In traditional signal processing, you often want to be able to represent an analog signal accurately in digital form. To do this, you would use an ADC to sample the signal. If the signal is (for example) a voltage that varies with time, then you want to sample it at many points in time in order to be sure that the digital representation you’re building up looks the same as the original analog signal. The samples are arranged periodically, and the number of samples that you need is related to how fast the signal changes via the Nyquist rate. The idea behind the Nyquist rate is that the faster the signal changes, the more samples you need in order to accurately see those changes.
People often forget that even though this idea was originally developed for communications and traditional signal processing, it applies just as much to machine learning and classification. In classification, for example, you’re trying to identify the class of some feature vector based on feature vectors that have already been classified. The feature vectors are drawn from some sample space, and the classifications vary over the sample space just as voltage varies over time in traditional communications and DSP. In order to be sure that the classifier you learn correctly represents the true distribution in the sample space, you have to have enough examples drawn from that sample space.
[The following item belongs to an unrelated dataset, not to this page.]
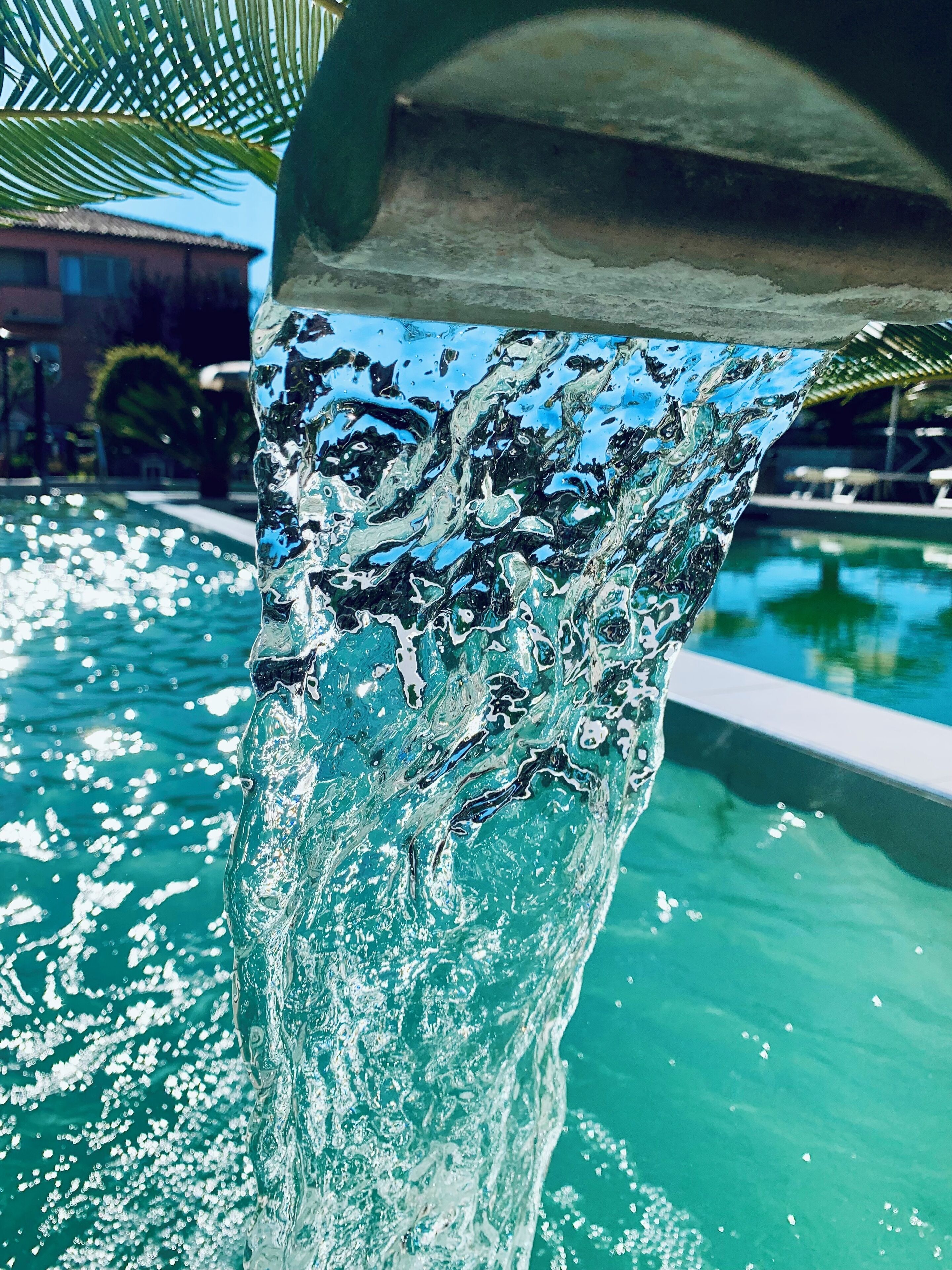 Un élément décoratif aquatique offrant une vue dégagée sur la piscine et les bâtiments environnants.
While the number of training examples is important, it is equally important that the examples are drawn from all parts of the sample space. Unfortunately, many machine learning applications focus more on generating lots of training data than on ensuring that the training data is drawn from all portions of the sample space. This works well a lot of the time, especially when the sample space isn’t particularly complex or noisy. When you start to have a highly varying sample space, then it becomes more important that your training data meets the Nyquist rate.
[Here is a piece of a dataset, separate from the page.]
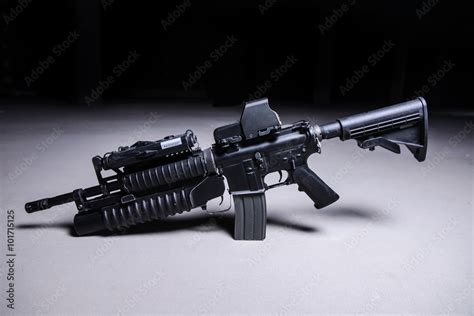 Assault rifle with grenade launcher/Assault automatic rifle with grenade launcher and tactical ...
Theoretically, knowledge of the Nyquist rate can also help minimize time spent collecting training data. If you already know how fast the classifications vary over the sample space, then you can determine how many samples you need to accurately reconstruct it. Unfortunately, this is often very difficult in practice, because you may not be able to choose where in the sample space your training data comes from.
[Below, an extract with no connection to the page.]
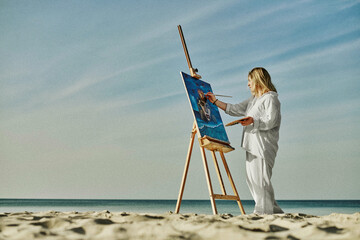 Young woman artist stands near ocean, painting on easel. Serene beach environment complements her...
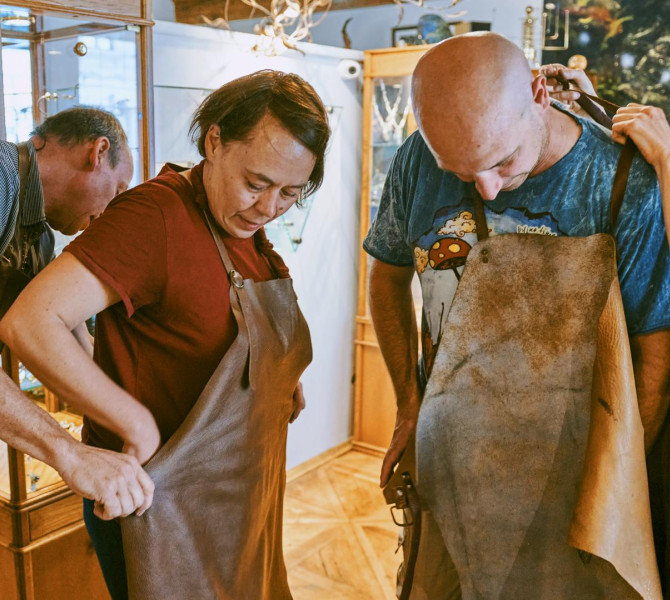 Zwei Mentoren in einer Goldschmiedewerkstatt helfen zwei Teilnehmenden, vor Arbeitsbeginn lederne Schutzschuerzen anzulegen.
Traditional signal processing also deals mainly with 1- and 2-Dimensional signals, while classification may be done on a feature space in the 10s to 100s of dimensions. That dramatically increases the computational cost of determining a simple function over the sample space. A trade-off is often made where more data is collected in order to minimize the processing time required to learn a useful classifier. Many of the learning algorithms are also fairly naive, and wouldn’t fare well with a minimum amount of training data.
Regardless of how much training data you choose to collect, you need to be sure that you collect enough data from different parts of the sample space. More samples will be needed in areas of the sample space where classifications change quickly. It can often be difficult to collect this training data, but it will dramatically simplify the process of learning a classifier.